Обилие цитат увеличивает наше притязание на ученость, но уменьшает притязание на оригинальность, — а что́ такое ученость в сравнении с оригинальностью! Оттого цитатами надо пользоваться только там, где мы действительно нуждаемся в чужом авторитете. Иначе же, когда мы подтверждаем свое мнение аналогичным изречением какого-нибудь прежнего великого писателя, то зависть сейчас же представит дело так, будто мы и самую мысль почерпнули только из этого источника (так поступил, например, Ретце с одним словом Якоба Беме). Итак, если мы находим, что великие прежние авторы держатся одного мнения с нами, то это очень пригодно для того, чтобы укрепить и поощрить нас в нашей уверенности, что наши мысли верны. Но цитировать этих авторов не следует, исключая особые случаи, — например, Физиологию Шталя, и вообще цитировать надо больше из тех специальностей, которые нам совершенно чужды, чем из нашей собственной. Ибо если мы правы, то право останется на нашей стороне и без ссылок на прежние сходные изречения. Ведь коль скоро с нами истина, то какое же значение может иметь еще и то, что на нашей стороне еще и тот или иной автор, как бы он ни был велик? Это всегда только αυτος εφα и никогда не признается всеми без исключения.
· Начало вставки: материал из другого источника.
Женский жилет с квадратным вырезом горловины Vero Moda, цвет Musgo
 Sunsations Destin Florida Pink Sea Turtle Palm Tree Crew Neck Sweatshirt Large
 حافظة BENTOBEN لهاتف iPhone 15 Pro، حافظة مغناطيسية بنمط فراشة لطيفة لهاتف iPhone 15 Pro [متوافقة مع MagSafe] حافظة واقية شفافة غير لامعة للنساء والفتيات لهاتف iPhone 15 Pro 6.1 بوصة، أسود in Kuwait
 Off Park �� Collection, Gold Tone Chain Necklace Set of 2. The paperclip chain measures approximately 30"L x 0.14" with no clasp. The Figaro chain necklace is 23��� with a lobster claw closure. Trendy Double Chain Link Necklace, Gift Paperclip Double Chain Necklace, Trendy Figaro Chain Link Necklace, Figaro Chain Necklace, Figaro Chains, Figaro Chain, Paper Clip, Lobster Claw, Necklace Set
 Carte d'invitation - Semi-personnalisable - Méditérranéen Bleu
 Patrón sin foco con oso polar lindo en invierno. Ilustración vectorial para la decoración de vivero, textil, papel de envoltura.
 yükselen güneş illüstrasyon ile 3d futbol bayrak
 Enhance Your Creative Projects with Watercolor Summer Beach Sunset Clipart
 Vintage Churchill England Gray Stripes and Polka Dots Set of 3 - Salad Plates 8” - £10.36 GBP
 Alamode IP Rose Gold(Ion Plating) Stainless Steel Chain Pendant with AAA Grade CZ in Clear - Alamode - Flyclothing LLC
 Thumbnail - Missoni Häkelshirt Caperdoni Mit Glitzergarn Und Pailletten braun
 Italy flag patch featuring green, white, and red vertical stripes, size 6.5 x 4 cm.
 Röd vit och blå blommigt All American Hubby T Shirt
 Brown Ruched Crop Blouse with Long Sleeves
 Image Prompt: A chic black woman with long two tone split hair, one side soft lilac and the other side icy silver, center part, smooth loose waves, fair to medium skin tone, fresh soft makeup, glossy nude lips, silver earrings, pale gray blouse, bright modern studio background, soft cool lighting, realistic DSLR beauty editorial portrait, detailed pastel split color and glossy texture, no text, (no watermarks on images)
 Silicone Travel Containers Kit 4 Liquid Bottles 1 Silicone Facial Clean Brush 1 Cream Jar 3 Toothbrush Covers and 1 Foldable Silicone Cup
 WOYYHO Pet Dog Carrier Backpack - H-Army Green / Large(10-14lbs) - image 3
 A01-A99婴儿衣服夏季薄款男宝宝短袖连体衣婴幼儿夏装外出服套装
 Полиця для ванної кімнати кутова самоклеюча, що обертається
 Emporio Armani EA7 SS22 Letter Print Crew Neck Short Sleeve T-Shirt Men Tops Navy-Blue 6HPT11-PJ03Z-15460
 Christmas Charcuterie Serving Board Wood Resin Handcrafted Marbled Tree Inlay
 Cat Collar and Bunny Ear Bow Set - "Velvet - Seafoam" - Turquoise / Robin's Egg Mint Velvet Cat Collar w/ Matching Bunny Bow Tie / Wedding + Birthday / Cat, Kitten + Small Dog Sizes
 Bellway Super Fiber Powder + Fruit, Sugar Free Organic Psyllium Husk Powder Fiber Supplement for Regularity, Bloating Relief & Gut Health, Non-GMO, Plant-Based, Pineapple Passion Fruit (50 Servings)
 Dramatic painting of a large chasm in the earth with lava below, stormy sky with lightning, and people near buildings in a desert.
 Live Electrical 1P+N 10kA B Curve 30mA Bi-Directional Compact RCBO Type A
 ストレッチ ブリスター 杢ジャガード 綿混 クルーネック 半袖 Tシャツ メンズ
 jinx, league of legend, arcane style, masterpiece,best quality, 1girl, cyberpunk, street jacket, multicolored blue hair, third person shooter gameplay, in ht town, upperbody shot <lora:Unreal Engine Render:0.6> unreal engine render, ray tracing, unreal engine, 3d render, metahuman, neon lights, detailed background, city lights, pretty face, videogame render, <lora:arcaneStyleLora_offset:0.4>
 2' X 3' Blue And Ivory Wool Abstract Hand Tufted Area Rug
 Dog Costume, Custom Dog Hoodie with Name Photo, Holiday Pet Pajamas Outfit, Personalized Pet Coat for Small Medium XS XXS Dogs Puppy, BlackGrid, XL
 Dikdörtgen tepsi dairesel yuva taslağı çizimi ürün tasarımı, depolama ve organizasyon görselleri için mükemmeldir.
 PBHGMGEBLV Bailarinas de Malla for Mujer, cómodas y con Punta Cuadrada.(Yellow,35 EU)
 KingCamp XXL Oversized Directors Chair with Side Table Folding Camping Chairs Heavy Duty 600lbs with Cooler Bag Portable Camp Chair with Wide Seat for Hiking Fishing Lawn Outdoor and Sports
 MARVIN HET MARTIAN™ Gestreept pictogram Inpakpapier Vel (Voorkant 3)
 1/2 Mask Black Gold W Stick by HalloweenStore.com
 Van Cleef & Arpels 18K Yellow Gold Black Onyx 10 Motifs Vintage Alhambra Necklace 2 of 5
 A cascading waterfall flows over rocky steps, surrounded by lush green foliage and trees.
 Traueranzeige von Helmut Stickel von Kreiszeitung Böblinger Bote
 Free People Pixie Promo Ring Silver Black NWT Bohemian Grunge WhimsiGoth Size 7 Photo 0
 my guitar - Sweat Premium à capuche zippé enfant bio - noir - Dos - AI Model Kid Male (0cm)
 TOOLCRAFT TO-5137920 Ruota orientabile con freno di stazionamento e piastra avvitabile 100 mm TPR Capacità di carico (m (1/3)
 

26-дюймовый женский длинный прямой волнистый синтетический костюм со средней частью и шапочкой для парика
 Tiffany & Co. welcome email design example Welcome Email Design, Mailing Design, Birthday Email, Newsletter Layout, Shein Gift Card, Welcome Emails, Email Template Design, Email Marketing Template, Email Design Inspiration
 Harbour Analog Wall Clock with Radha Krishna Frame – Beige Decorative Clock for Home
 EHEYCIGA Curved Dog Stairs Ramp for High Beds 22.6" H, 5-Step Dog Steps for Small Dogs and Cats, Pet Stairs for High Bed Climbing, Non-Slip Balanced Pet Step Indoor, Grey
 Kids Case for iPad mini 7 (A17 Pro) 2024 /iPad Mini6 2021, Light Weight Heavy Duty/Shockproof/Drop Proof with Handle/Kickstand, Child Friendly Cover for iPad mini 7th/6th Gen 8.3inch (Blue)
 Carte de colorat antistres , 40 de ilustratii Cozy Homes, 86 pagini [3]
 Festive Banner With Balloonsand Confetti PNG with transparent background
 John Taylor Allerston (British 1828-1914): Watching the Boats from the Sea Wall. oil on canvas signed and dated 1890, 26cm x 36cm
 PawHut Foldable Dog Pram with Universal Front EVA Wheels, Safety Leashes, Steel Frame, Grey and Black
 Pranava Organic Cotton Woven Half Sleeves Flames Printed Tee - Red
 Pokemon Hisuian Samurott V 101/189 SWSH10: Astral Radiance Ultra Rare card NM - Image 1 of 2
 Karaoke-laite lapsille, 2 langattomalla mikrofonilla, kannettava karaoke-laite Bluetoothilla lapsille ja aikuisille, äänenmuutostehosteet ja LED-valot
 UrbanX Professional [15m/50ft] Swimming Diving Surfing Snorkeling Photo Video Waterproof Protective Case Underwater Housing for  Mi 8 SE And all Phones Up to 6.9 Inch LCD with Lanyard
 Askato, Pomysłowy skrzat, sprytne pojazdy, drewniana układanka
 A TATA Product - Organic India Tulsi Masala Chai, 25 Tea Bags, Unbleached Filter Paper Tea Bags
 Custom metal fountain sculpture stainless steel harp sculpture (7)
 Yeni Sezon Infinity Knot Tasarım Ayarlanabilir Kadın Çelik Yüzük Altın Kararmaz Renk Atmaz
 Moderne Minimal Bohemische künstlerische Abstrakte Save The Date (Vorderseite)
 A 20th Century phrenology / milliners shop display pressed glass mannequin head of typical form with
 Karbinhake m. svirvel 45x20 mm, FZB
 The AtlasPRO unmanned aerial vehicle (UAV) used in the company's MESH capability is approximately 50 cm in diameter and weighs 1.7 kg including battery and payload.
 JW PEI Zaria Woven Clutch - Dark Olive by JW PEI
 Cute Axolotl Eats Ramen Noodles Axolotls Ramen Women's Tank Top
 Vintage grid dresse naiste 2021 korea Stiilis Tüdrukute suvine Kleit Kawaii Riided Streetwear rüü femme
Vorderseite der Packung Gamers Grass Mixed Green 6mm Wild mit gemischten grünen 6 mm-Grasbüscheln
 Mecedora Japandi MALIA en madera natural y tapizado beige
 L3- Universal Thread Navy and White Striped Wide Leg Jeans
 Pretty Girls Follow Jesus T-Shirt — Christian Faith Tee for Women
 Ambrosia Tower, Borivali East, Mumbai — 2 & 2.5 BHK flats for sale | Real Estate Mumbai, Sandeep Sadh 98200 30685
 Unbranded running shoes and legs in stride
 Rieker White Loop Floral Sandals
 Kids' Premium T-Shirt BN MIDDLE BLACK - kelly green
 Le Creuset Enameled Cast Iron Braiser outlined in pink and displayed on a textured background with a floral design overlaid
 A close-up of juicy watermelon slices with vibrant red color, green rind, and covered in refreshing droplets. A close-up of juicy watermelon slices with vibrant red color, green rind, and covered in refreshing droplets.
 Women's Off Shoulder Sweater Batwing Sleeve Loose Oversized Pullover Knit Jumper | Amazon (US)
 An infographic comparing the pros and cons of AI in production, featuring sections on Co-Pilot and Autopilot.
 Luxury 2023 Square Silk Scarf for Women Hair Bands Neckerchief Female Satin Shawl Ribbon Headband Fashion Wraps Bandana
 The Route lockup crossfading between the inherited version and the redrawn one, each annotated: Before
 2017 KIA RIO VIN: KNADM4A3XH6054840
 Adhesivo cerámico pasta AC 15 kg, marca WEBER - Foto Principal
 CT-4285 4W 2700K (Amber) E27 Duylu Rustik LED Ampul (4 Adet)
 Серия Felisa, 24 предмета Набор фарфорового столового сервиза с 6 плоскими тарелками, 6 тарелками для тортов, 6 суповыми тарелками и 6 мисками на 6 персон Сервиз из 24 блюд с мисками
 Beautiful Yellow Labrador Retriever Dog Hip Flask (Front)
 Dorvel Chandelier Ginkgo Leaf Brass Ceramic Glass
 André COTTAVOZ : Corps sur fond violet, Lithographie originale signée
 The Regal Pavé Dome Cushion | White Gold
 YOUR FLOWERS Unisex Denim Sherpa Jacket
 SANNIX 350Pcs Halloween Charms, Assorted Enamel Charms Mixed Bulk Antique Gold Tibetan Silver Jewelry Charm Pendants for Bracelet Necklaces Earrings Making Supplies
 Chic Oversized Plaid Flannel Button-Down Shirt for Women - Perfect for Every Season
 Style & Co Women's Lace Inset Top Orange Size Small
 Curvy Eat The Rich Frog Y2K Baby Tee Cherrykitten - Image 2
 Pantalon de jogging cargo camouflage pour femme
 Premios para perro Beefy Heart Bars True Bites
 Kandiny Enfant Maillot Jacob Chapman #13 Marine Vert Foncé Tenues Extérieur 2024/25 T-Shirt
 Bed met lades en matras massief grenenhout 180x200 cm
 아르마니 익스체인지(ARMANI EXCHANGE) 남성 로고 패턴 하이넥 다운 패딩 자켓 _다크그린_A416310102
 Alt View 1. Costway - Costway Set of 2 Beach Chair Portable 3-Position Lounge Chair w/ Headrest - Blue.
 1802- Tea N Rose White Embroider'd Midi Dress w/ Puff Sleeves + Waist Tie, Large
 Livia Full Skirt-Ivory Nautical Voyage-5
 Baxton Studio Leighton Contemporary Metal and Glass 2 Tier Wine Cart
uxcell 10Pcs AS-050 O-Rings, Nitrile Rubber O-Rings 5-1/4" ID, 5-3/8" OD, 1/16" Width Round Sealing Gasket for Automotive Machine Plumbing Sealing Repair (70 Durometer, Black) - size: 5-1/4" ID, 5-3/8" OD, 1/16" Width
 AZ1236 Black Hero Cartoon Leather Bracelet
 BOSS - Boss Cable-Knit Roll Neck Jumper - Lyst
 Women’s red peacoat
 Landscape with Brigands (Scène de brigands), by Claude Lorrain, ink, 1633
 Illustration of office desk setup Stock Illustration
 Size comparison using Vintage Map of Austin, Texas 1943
Все мысли, которые я написал, возникли по внешнему поводу, большей частью по поводу какого-нибудь интуитивного впечатления, и высказал я их, исходя от объективной точки зрения, не заботясь о том, куда они могут привести; но все-таки они похожи на радиусы, которые, исходя из периферии, все направляются к одному центру, т. е. к основным идеям моего учения: к ним ведут они с самых различных сторон и точек зрения.
Существуют мысли, которые, сами по себе и взятые как такие, не стоили бы того, чтобы их записать, но которые сделал необходимыми известный контекст. Из такого цемента состоит, по меньшей мере, половина почти каждой книги. — Наоборот, если бы можно было составить свой текст сплошь из таких мыслей, которые уже исключительно ради них самих были бы достойны того, чтобы их записать, и если бы они в самом деле были записаны и действовали затем все вместе, так что ценное было бы в то же время и необходимым и наоборот, по аналогии с органической природой, где εξ αναγκης представляет вместе с тем и χαριν του βελτιονος, — то это было бы чудо, как стена, вылитая из расплавленных камней.
Чем больше в книге разных тире, тем меньше мыслей.